L'enjeu est de se diriger non pas dans une fuite du réel mais plutôt vers une « veille comme prière, comme ouverture du coeur à Dieu qui peut venir et surprendre en tout temps (...) qui ne fait pas disparaître l'eschatologie ds la mystique » (2)

Toute contemplation n’a de sens que lorsqu’elle trace un chemin dans nos vies, met le Christ au centre, lui donne une place aujourd’hui.
Descente de croix, Vert en Drouais, (c) CHD


(1) Hans Urs von Balthasar, la prière contemplative op. cit. p. 128sq
(2) ibid p. 131

24 novembre 2018

Passé et futur - une tension théologique

Je souligne une tension intéressante entre mes nombreux propos sur la course infinie du chrétien à la suite de Paul dans Philippiens 3 et l'attitude contemplative décrite par Hans Urs von Balthasar : « le Saint-Esprit qui nous introduit dans la plénitude du Christ et nous l'explique jusqu'à la fin du monde, d'une manière toujours plus riche et plus profonde, puise dans une source qui (...) se situe dans le passé. Et le contemplatif lui aussi ne peut faire autrement que de tourner son regard vers le passé.

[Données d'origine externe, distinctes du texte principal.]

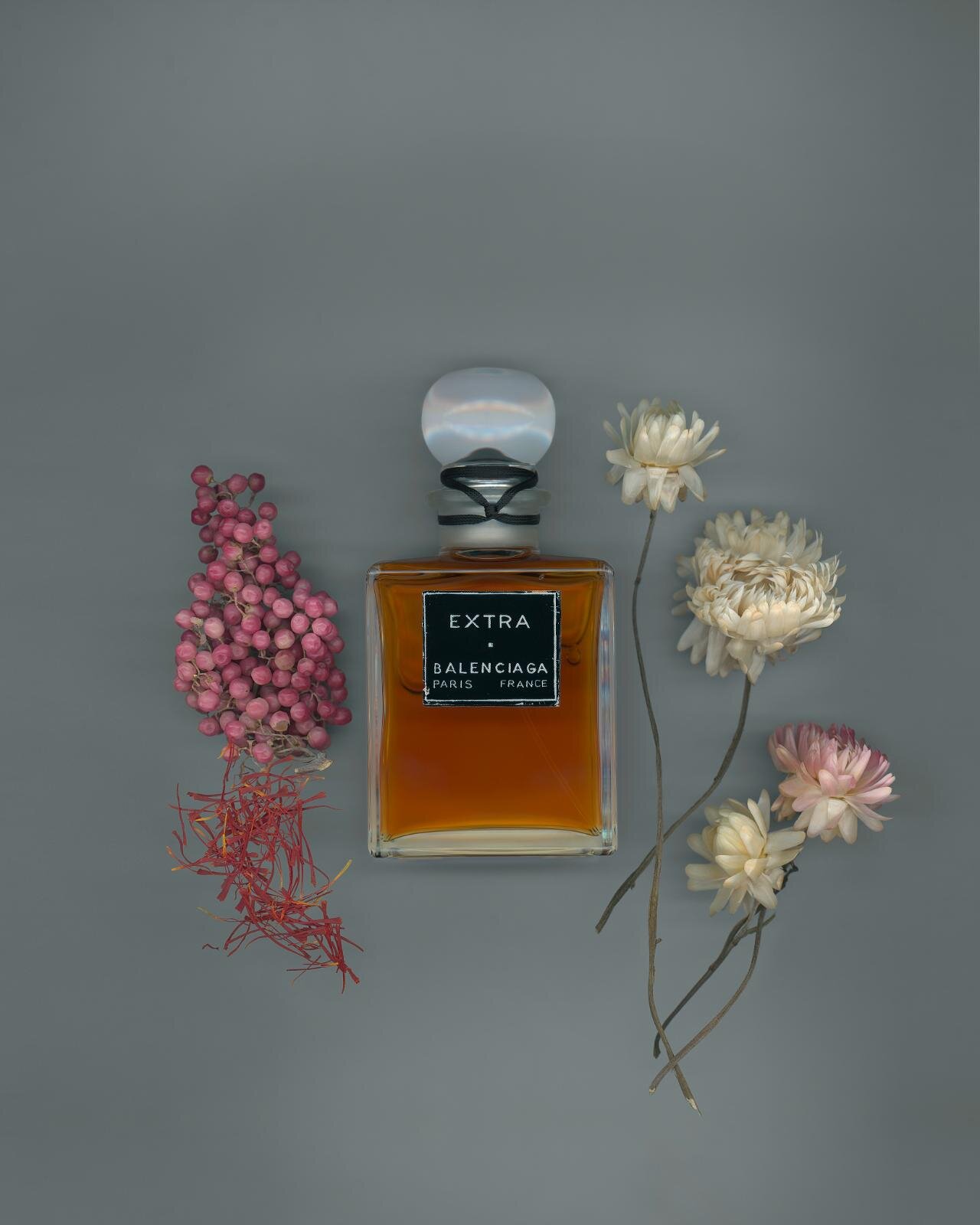 バレンシアガ10種のフレグランスコレクションを発表、メゾン初の香水を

De ce fait, le chrétien va contrairement à la poussée de l'histoire qui court torrentueusement vers l'avant, et sa tendance contemplative ne peut que constituer un scandale pour l'homme qui reste enfermé dans l'histoire » (1)

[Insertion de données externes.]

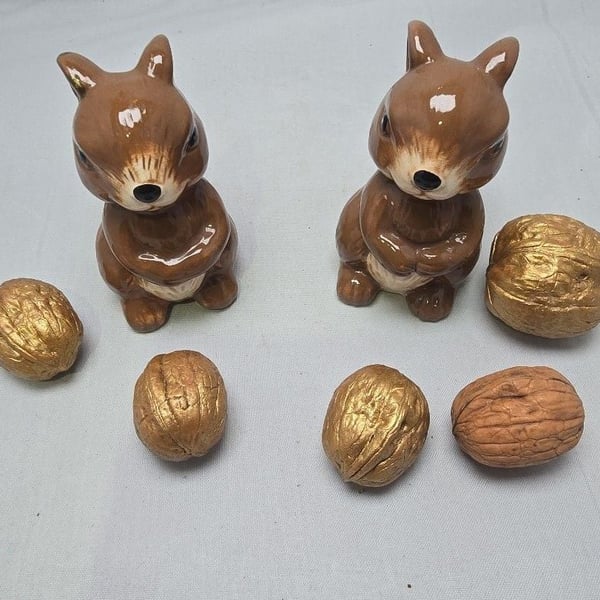 Vintage Ceramic Brown Squirrel Salt and Pepper Shakers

Cette tension trouve son dénuement dans cette triple composition entre contemplation, méditation et agir.

(1) ibid p. 127

22 novembre 2018

Parvenir à toucher Dieu ?

La contemplation ne doit pas rester intellectuelle. La science enfle mais le coeur édifie. L'enjeu nous dit Ignace est de « parvenir au toucher (1 Jn 2, 2), au contact avec Dieu (Exercices n. 20), il faut être saisi par ce que les Divines Personnes font (Ex 108). » (1)

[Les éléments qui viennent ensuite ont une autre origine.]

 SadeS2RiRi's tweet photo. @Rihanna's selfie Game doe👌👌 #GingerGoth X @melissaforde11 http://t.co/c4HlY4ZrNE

Cette quête est d'abord contemplative et méditative avons nous souligné déjà plus haut à la suite d'Hans Urs von Balthasar.

Le risque constant de tout discours est de se complaire dans les mots et le discours et d'oublier d'agir.

« Assurément la flamme de l'amour jaillira normalement du bois de la connaissance, et souvent elle jaillira d'autant plus fortement que la connaissance sera plus existentielle. Mais il ne faut pas sous ce prétexte, s'attarder si longtemps dans l'intellectualité que l'amour n'ait plus sa place et que même l'attitude foncière d'adoration s'évanouisse, parce qu'on est tombé dans les subtilités et dans les fumées de la science » (2)

Pouvons nous toucher Dieu ? La contemplation d'Exode 33 et 34 nous montre qu'on ne peut le voir que de dos. Pour le toucher, il faudrait que notre agir, poussé par l'Esprit et la grâce se transforme en graines et que, dans le coeur de Dieu, elles germent alors sur les rives du grand fleuve amoureux.

(1) cité par Hans Urs von Balthasar, la prière contemplative, op. cit. p. 119
(2) Hans Urs von Balthasar, ibid.

Contemplatio et meditatio - Ignace de Loyola

« Contemplatio ignacienne  exercices n. 106sq d'Ignace de Loyola :  d'abord voir la scène d'Évangile et les personnes qui y paraissent, ensuite entendre leurs paroles, enfin considérer leurs actions. Ou bien, en se plaçant plutôt au point de vue du sujet, pour la mediatio : d'abord se représenter par la mémoire l'événement objectif, ensuite en découvrir le contenu par l'entendement, enfin appréhender ce qui a été découvert par la volonté et l'affectivité, se l'approprier et l'introduire dans sa propre vie. (...) [L'enjeu est] l'action, un agir de la part de Dieu ; action qui en exigeant de moi une réponse et en me conférant la grâce, me saisit et me transforme. » (1)

« Ce qui est visé est ma vie, non pas mes spéculations, mes imaginations, mes rêveries religieuses et théologiques, mais réellement ma vie » (2)

Ce qui est visé est la « béance du coeur », cet ouverture à l'Esprit qui peut agir en moi, me saisir (Ph 3), et me conduire toujours plus loin dans cette course infinie(3) vers le but qui m'est assigné...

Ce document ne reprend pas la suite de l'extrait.